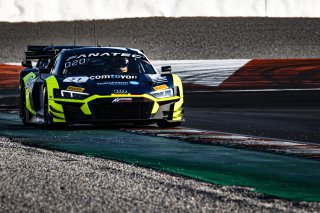 #11 - Comtoyou Racing - Lucas LEGERET - Christopher HAASE - Audi R8 LMS GT3 EVO II - PRO, FGTWC, Paid Test Session
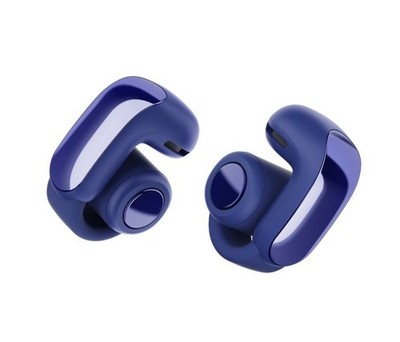 BOSE Ultra Open Earbuds - Dunkelviolett   Neu & OVP   Premium Open Ear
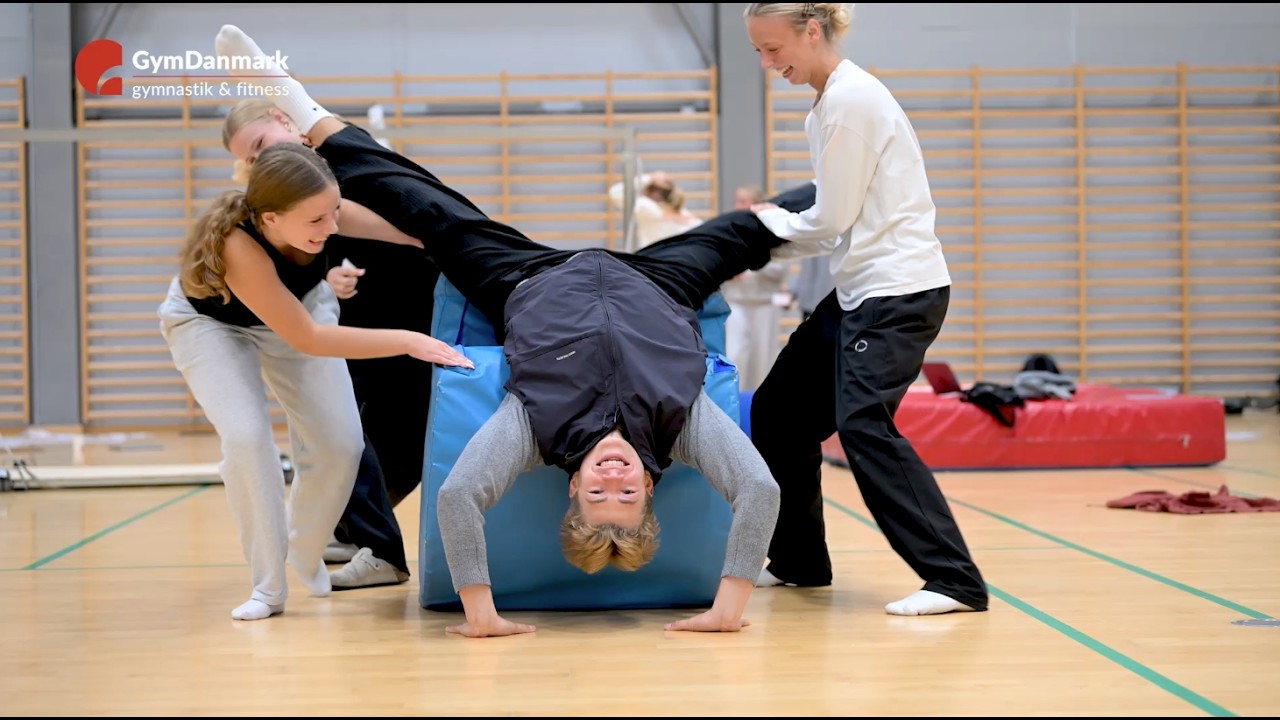 Hvad er en GymTræner 1?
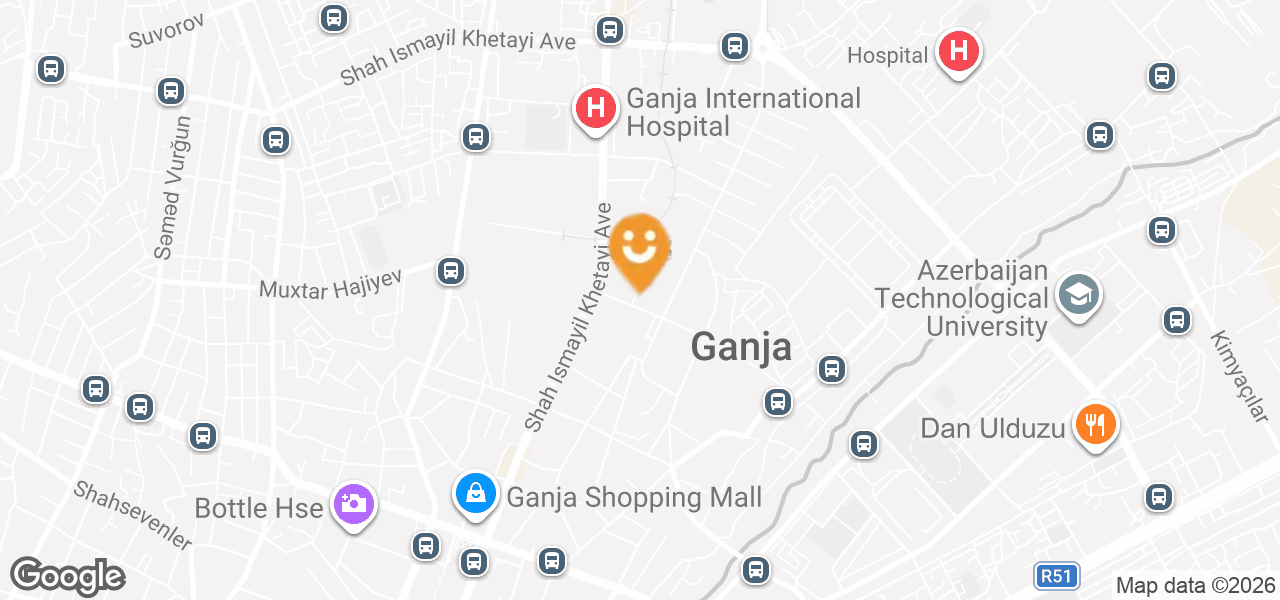 Dental Clinic (Ganja)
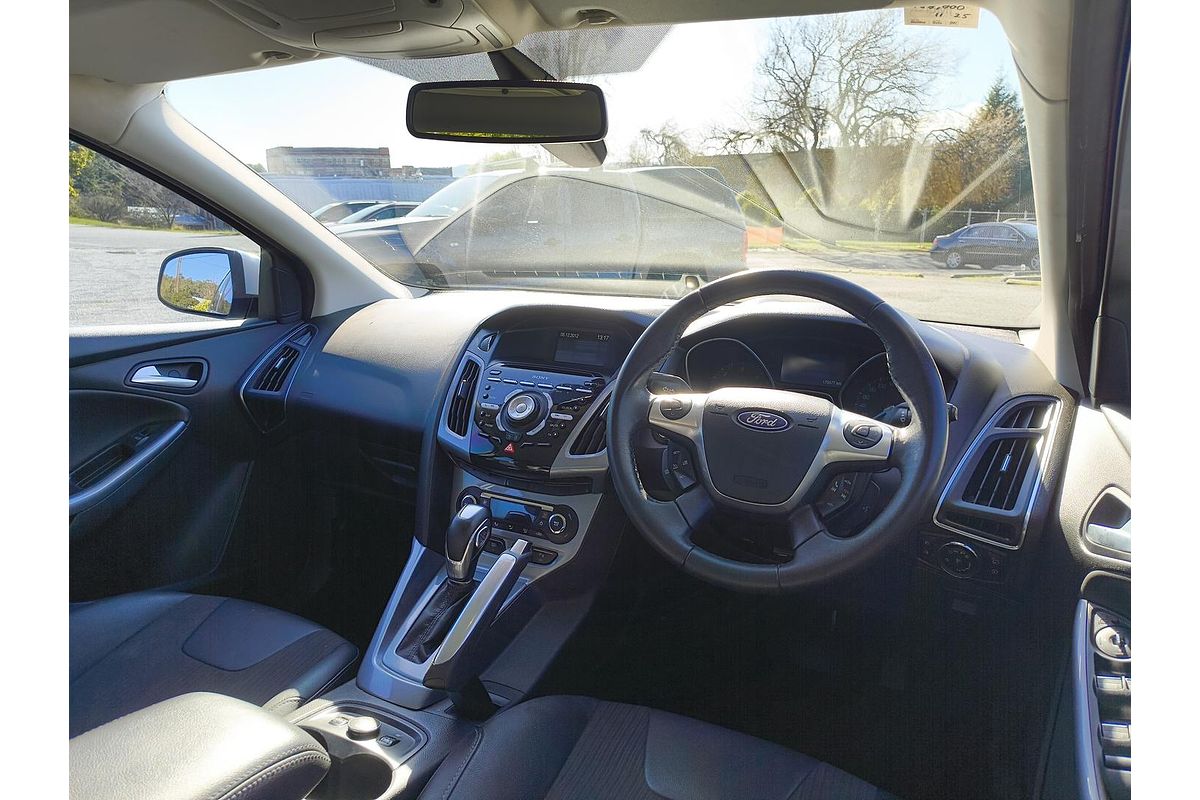 2011 Ford Focus Titanium LW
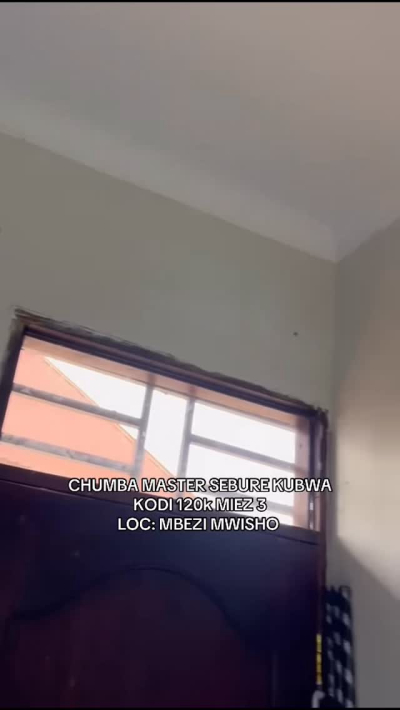 Nyumba inapangishwa Mbezi, Dar Es Salaam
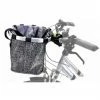 MFC Panier Avant Amovible En Tissu -Vélos Tout Terrain Soldes panier tissus motif alphabetx1200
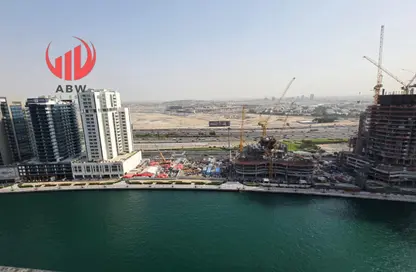 Apartment - Studio - 1 Bathroom for rent in Trillionaire Residences - Business Bay - Dubai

* * *

§ What this task involves: Print exactly the first line of the entries and every line after it through the one that contains "2011 Ford Focus Titanium LW", leaving the pictures out.

§ Answer space:
 #11 - Comtoyou Racing - Lucas LEGERET - Christopher HAASE - Audi R8 LMS GT3 EVO II - PRO, FGTWC, Paid Test Session
 BOSE Ultra Open Earbuds - Dunkelviolett   Neu & OVP   Premium Open Ear
 Hvad er en GymTræner 1?
 Dental Clinic (Ganja)
 2011 Ford Focus Titanium LW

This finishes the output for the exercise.